Although the influence of his mentor Zellig Harris is evident in much of Chomsky’s early work, his books Syntactic Structures and Aspects of the Theory of Syntax, which followed in 1965, marked a decisive break with the Descriptivists in a number of respects. Where the Descriptivists had stressed discovery procedures, data collection methodology and the analysis of corpora, Chomsky saw the linguist’s goal as the production of grammars to ‘generate all and only the grammatical sentences of a language’.

 

Such a device would describe a potentially infinite number of sentences from finite means, i.e. it had to allow for recursive sentences of the ‘House that Jack built’ kind (‘This is the cat that ate the rat that ate the corn’, etc.), which could in theory, if not in practice, be extended indefinitely.
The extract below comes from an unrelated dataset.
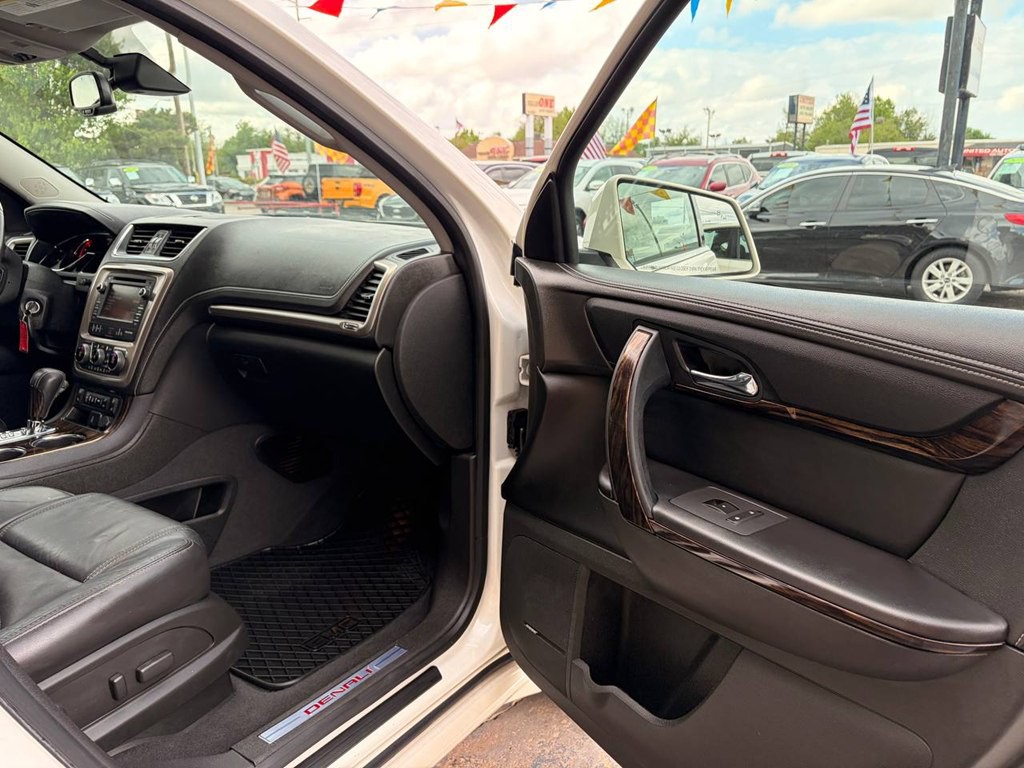 2015 GMC Acadia Image 17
It would also go beyond the Descriptivists’ goal of accounting for a finite corpus of linguistic data, which would reach only the first of three levels of adequacy – observational adequacy – in Chomsky’s eyes. To reach the next level, descriptive adequacy, a grammar would have to account not only for the observed data within a corpus but also for a native speaker’s intuitions about grammaticality, or his/her competence. Native speakers of a language, Chomsky argued, are able to judge the grammaticality of a sentence that they have never heard before, irrespective of whether it is meaningful. His most famous example is cited below:

1 Colorless green ideas sleep furiously

2 Furiously sleep ideas green colorless

 

He claimed that (1) is perfectly grammatical, in spite of the fact that it is nonsensical and had probably not been uttered before. (While that was probably true in 1957, it has been a staple of linguistics textbooks ever since – I’d have felt I was letting you down if I had omitted it here.) An English speaker will read it confidently and with normal sentence intonation, whereas its reverse (2) is ungrammatical, and would be read haltingly as a list of words.

 

Grammaticality for Chomsky is not, therefore, based on semantics (i.e. meaning): nor, indeed, is it based on statistical probability. Completing the sentence frame ‘I saw a fragile_________’ with the word ‘whale’ or ‘of’ results in both cases in sentences with a zero probability of occurrence in English, yet native speakers accept ‘I saw a fragile whale’ as grammatical, while rejecting ‘*I saw a fragile of’.